[[ SUPPLIED RECORDS open ]]
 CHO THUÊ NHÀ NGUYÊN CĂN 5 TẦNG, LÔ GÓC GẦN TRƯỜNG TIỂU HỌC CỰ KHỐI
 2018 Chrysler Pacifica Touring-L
[[ SUPPLIED RECORDS closed ]]
[[ SUPPLIED RECORDS open ]]
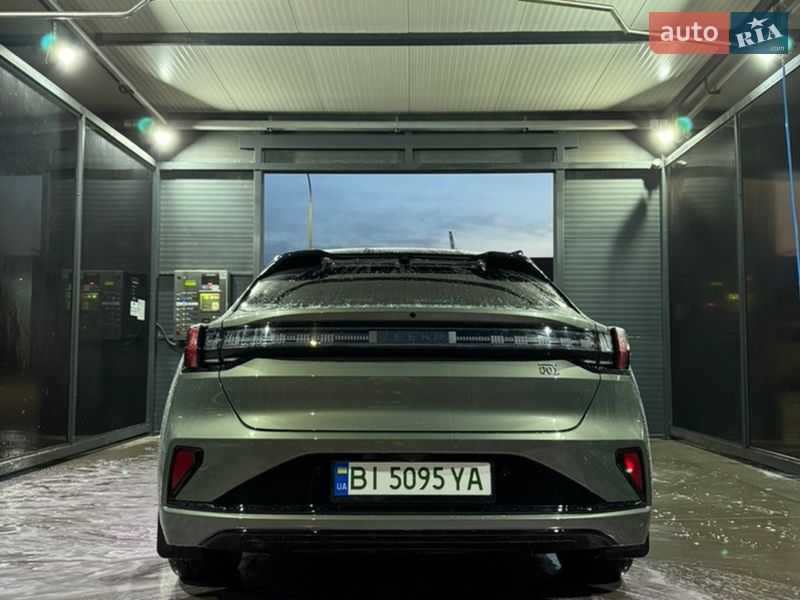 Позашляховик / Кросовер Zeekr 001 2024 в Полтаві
[[ SUPPLIED RECORDS closed ]]
* **WORK TASK**
Print only what lies in the material above starting at the line with "CHO THUÊ NHÀ" and ending at the line with "2018 Chrysler Pacifica Touring-L", every line exactly as given.

* **RESPONSE**
 CHO THUÊ NHÀ NGUYÊN CĂN 5 TẦNG, LÔ GÓC GẦN TRƯỜNG TIỂU HỌC CỰ KHỐI
 2018 Chrysler Pacifica Touring-L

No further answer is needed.